--- Excerpted data ---
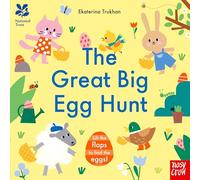 National Trust: The Great Big Egg Hunt (National Trust: The Great Big Hunt)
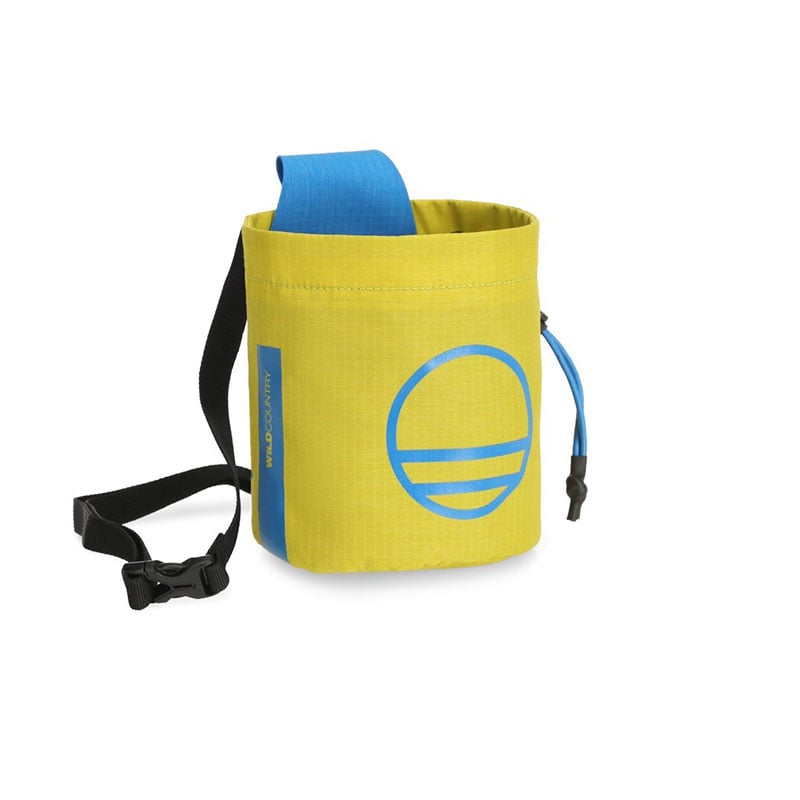 Wild Country Session Chalk Bag - Extreme Outfitters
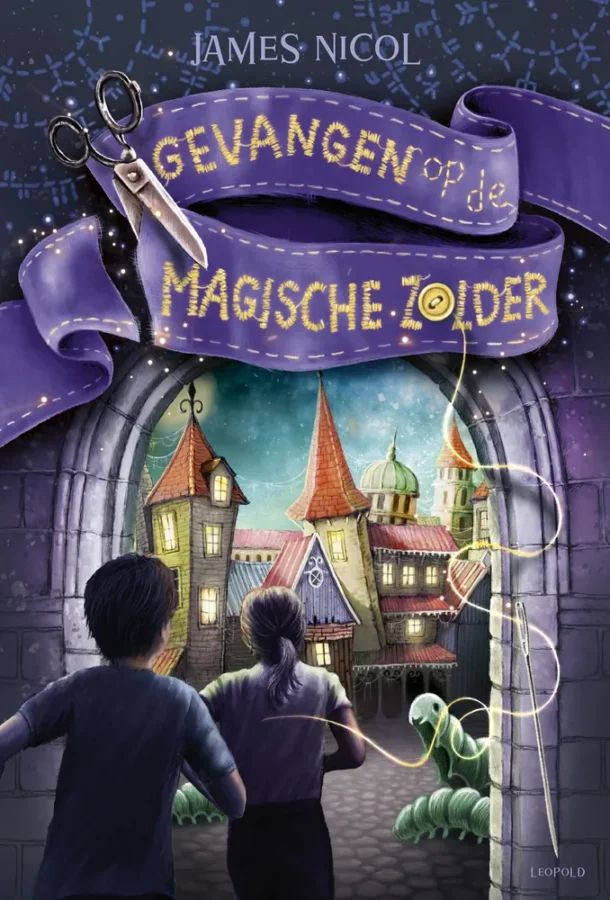 Rapunsel kinderboeken |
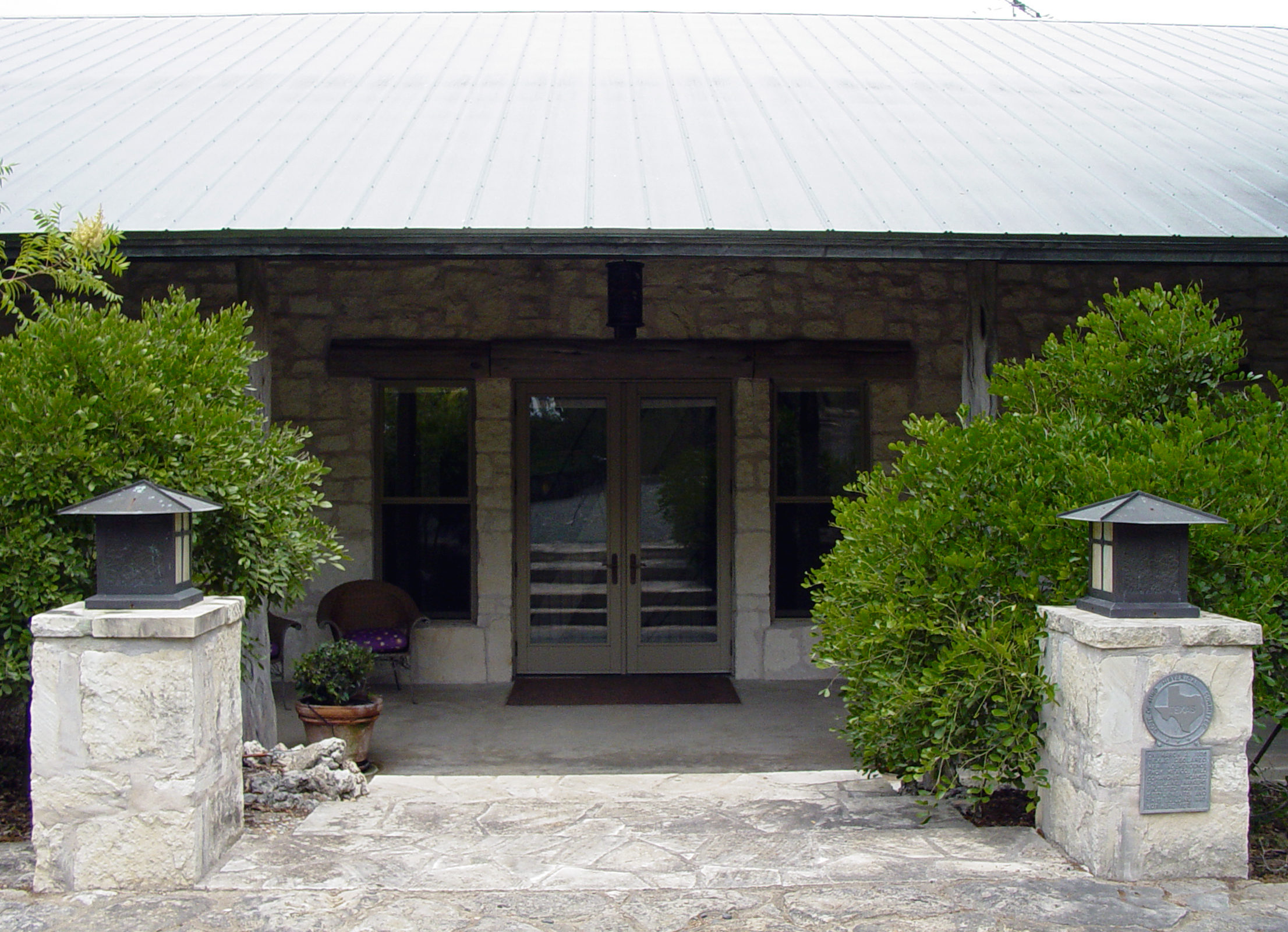 Reichert Residence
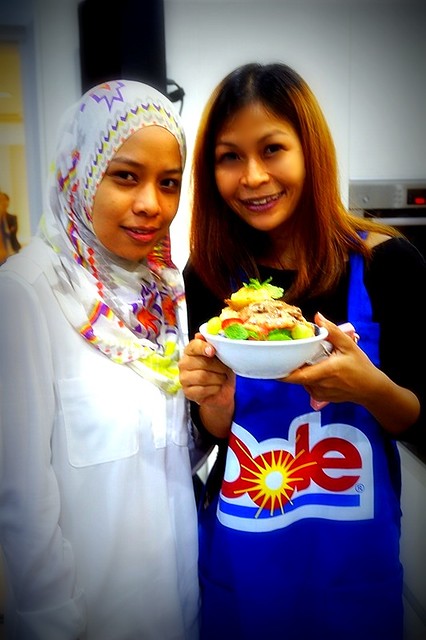 yonanas - ice cream machine - zero fat - dole malaysia (17)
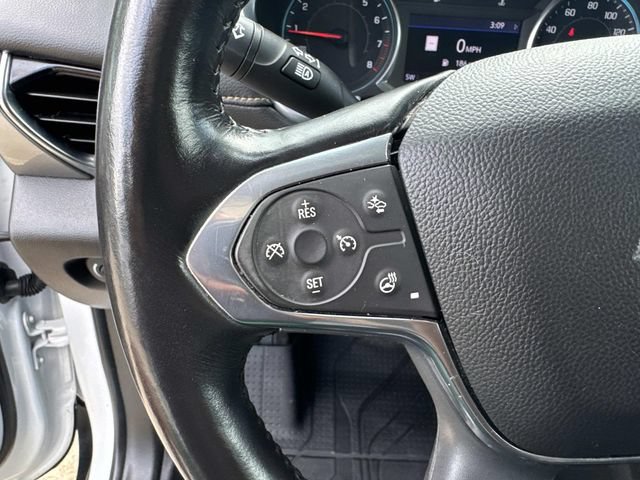 Used 2021 Chevrolet Traverse RS FWD image 28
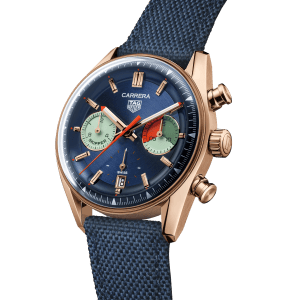 TAG Heuer Carrera Chronograph Skipper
---
To do »
Going from the line with "Wild Country Session" to the last line of the listing, write out each line exactly and nothing else. Leave out all pictures.

Written answer »
 Wild Country Session Chalk Bag - Extreme Outfitters
 Rapunsel kinderboeken |
 Reichert Residence
 yonanas - ice cream machine - zero fat - dole malaysia (17)
 Used 2021 Chevrolet Traverse RS FWD image 28
 TAG Heuer Carrera Chronograph Skipper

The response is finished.